Artyom Keydunov for Cube

Posted on Feb 21, 2019 • Edited on Jul 2, 2019 • Originally published at statsbot.co

Building a Serverless Mixpanel Alternative. Part 1: Collecting and Displaying Events

#serverless #node #opensource #javascript

This is the first part of a tutorial series on building an analytical web application with Cube.js. It expects the reader to be familiar with Javascript, Node.js, React, and have basic knowledge of SQL. The final source code is available here and the live demo is here. The example app is serverless and running on AWS Lambda. It displays data about its own usage.

There is a category of analytics tools like Mixpanel or Amplitude, which are good at working with events data. They are ideal for measuring product or engagement metrics, such as activation funnels or retention. They are also very useful for measuring A/B tests.

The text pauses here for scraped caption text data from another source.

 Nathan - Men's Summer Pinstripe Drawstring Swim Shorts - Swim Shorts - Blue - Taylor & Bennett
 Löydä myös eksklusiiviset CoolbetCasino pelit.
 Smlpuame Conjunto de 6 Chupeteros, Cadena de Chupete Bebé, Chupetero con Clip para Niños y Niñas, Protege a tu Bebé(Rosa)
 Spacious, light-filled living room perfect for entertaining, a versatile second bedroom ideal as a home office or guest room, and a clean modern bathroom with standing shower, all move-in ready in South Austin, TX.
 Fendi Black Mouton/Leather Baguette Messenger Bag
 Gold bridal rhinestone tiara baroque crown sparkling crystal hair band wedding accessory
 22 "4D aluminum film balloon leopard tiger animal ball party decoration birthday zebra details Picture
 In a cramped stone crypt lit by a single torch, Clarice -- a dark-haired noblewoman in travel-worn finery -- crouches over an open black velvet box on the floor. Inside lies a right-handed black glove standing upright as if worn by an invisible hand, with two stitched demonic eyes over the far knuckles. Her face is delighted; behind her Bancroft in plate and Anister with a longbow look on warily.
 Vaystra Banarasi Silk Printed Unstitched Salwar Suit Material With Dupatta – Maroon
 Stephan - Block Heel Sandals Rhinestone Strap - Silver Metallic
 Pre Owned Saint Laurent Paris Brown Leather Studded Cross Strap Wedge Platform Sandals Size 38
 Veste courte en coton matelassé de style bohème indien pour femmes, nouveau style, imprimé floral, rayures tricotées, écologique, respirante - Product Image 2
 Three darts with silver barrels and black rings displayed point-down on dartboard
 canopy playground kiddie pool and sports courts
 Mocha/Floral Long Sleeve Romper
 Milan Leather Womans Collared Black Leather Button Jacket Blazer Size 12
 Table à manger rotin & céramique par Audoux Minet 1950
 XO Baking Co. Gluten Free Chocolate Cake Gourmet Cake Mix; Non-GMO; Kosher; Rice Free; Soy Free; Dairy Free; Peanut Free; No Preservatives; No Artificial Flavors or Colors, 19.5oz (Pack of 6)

Although all these tools do a job, they are proprietary and cloud-based. That could be a problem when privacy is a concern. Or if one wants to customize how funnels or retention work under the hood. While traditional BI tools, like Tableau or Power BI, could potentially be used to run the same analysis, they can not offer the same level of user experience. The problem is that they are designed to be general business intelligence tools, and not specific for funnels, retention, A/B tests, etc.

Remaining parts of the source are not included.